- **Task description**: No pictures should appear in the copy; otherwise retype the entries exactly.

++++ Exercise input

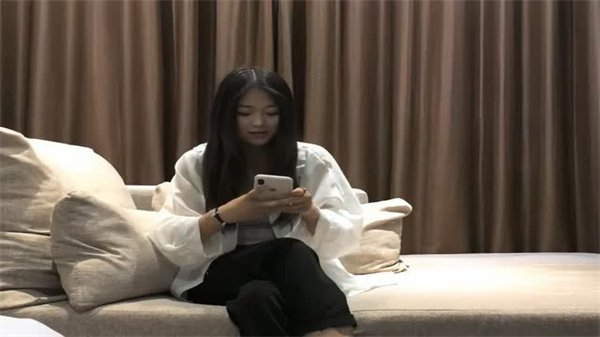 极品骚货翘臀献穴 浪叫迎合巨根狂抽猛插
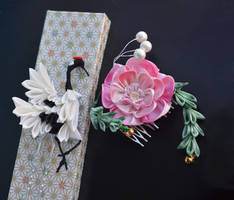 Peony and Dancing Crane Kanzashi. Tsumami Zaiku.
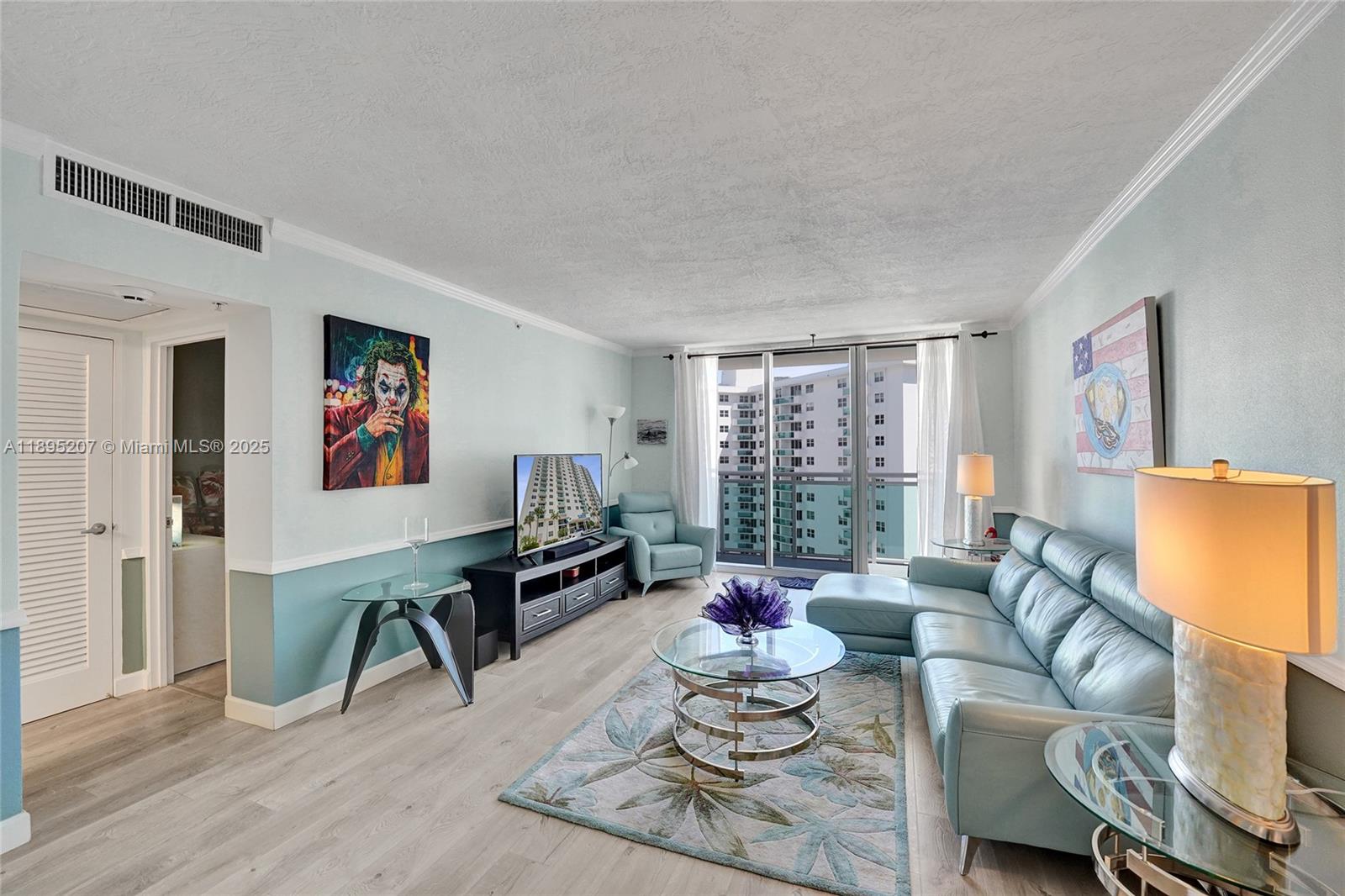 Photo of 3000 Ocean Dr  #1106, Hollywood, Florida, 33019 - 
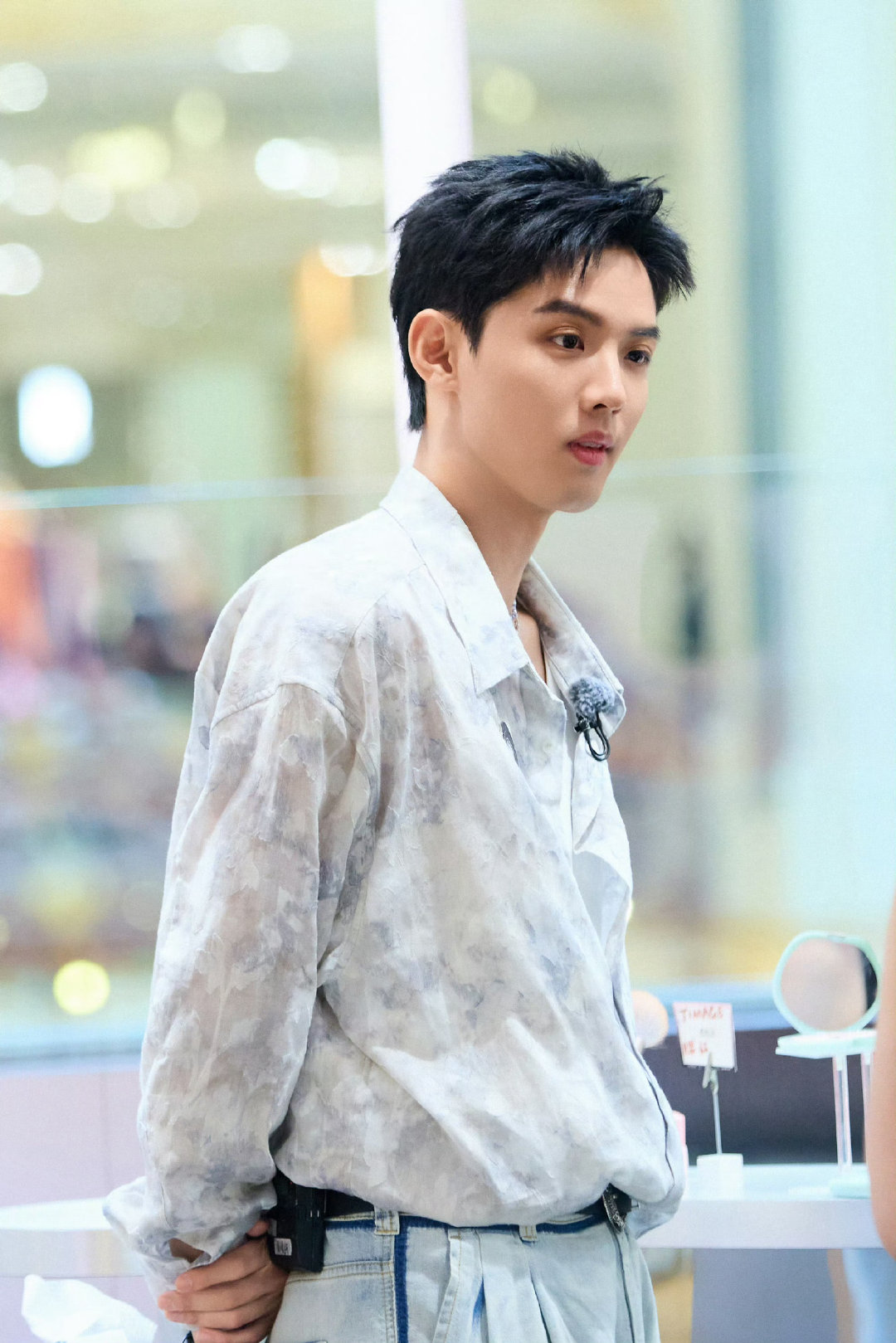 李佳琦周峻炜讨论综艺剧本褪去剧本化表演，尽显职场创业真实百态 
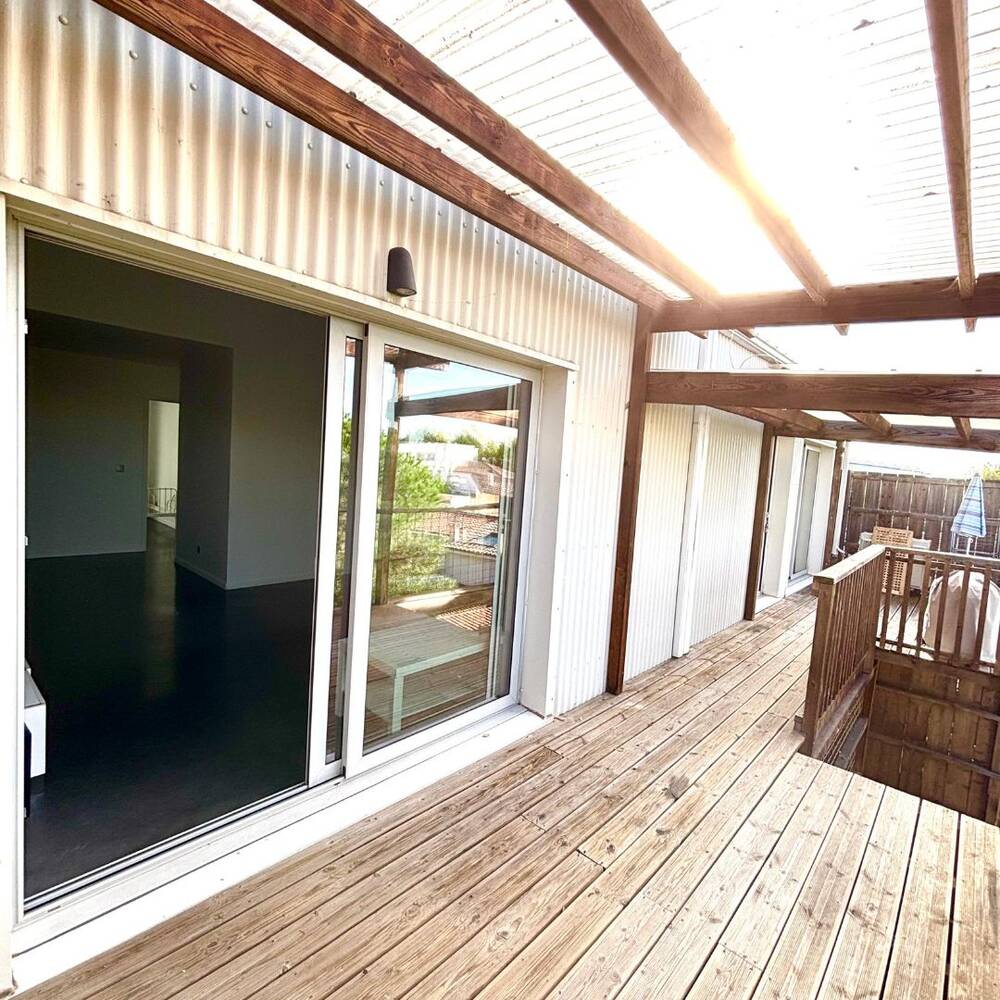 Appartement T4 toit terrasse et place de parking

++++++++

- **Exercise output**:
 极品骚货翘臀献穴 浪叫迎合巨根狂抽猛插
 Peony and Dancing Crane Kanzashi. Tsumami Zaiku.
 Photo of 3000 Ocean Dr  #1106, Hollywood, Florida, 33019 - 
 李佳琦周峻炜讨论综艺剧本褪去剧本化表演，尽显职场创业真实百态 
 Appartement T4 toit terrasse et place de parking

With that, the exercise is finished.